◆ DATASET CONTENT ◆

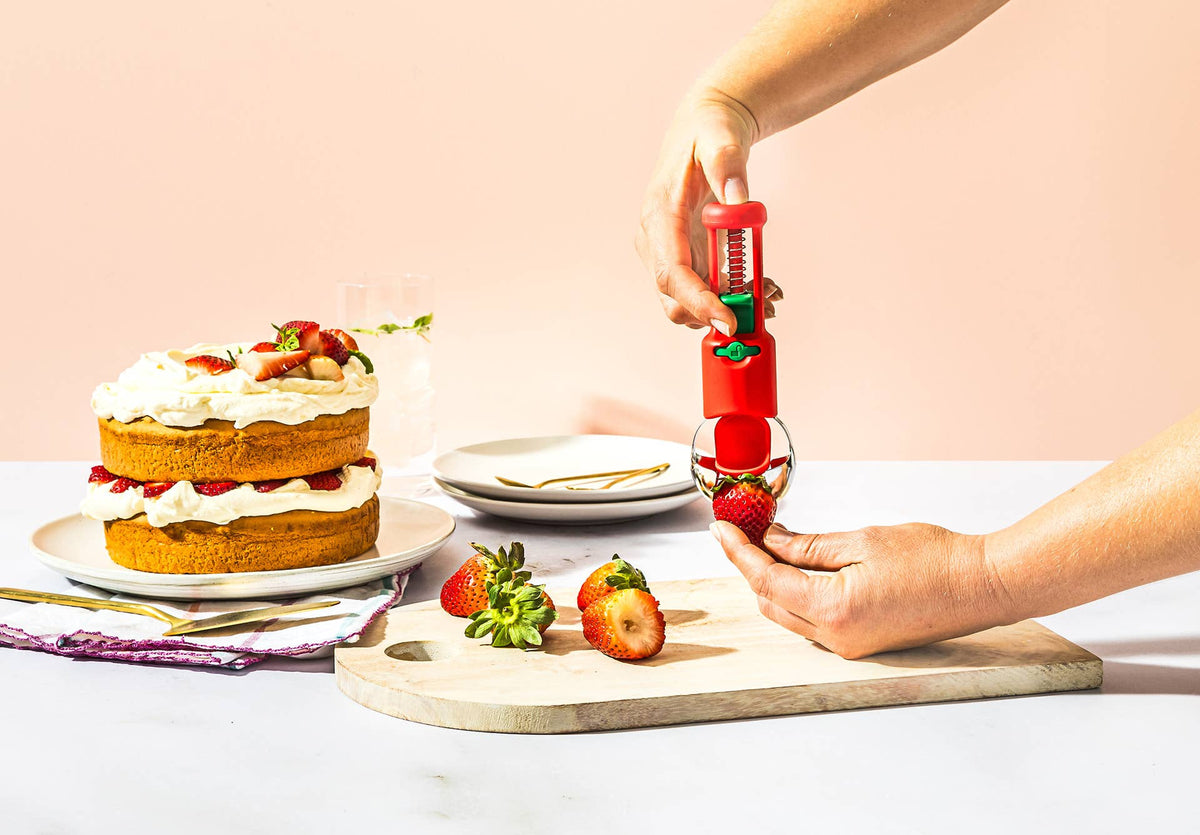 Hullapit® - 3-in-1 Strawberry Huller & Pitter
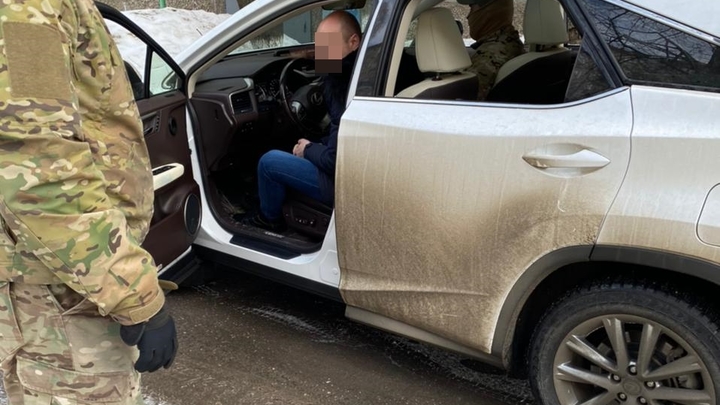 В Дзержинске задержали еще двоих сотрудников ГИБДД за махинации в сфере страхования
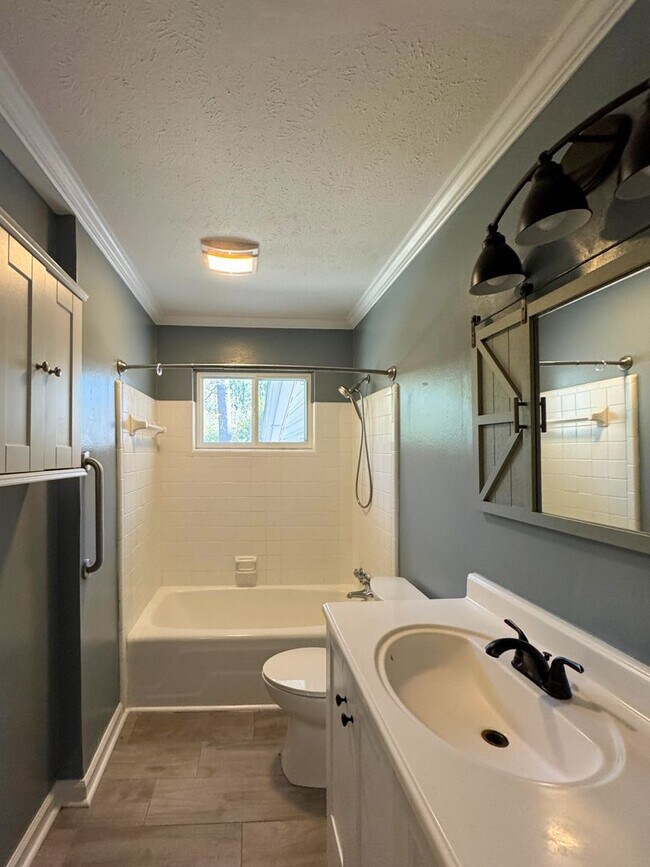 Building Photo - Charming 3 Bed 1.5 Bath Home with Flex Room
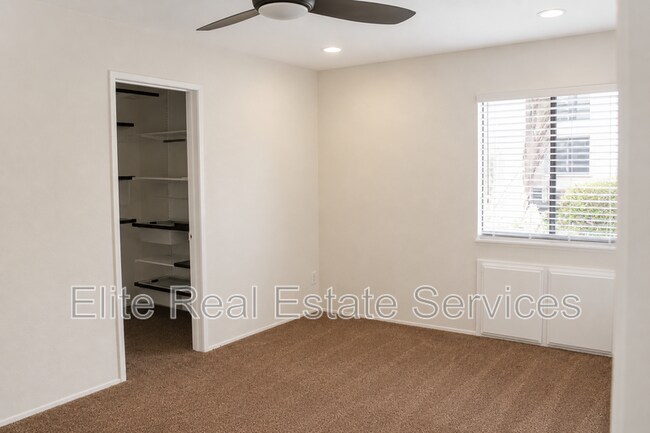 Building Photo - 6757 Friars Rd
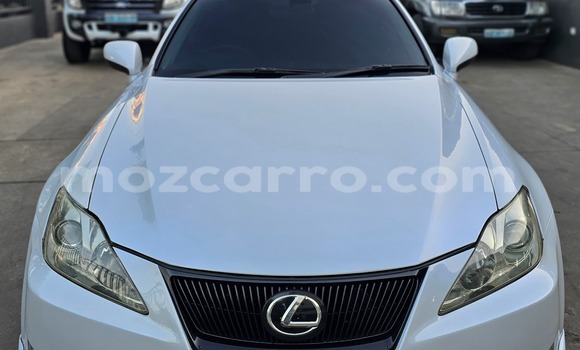 Nunua Ilio tumika Lexus IS Nyeupe Gari ndani ya Maputo nchini Maputo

◆ TASK STATEMENT ◆
Leaving every picture out, return the lines from the one containing "Building Photo - Charming" through the last line of the records exactly.

◆ EXERCISE RESPONSE ◆
 Building Photo - Charming 3 Bed 1.5 Bath Home with Flex Room
 Building Photo - 6757 Friars Rd
 Nunua Ilio tumika Lexus IS Nyeupe Gari ndani ya Maputo nchini Maputo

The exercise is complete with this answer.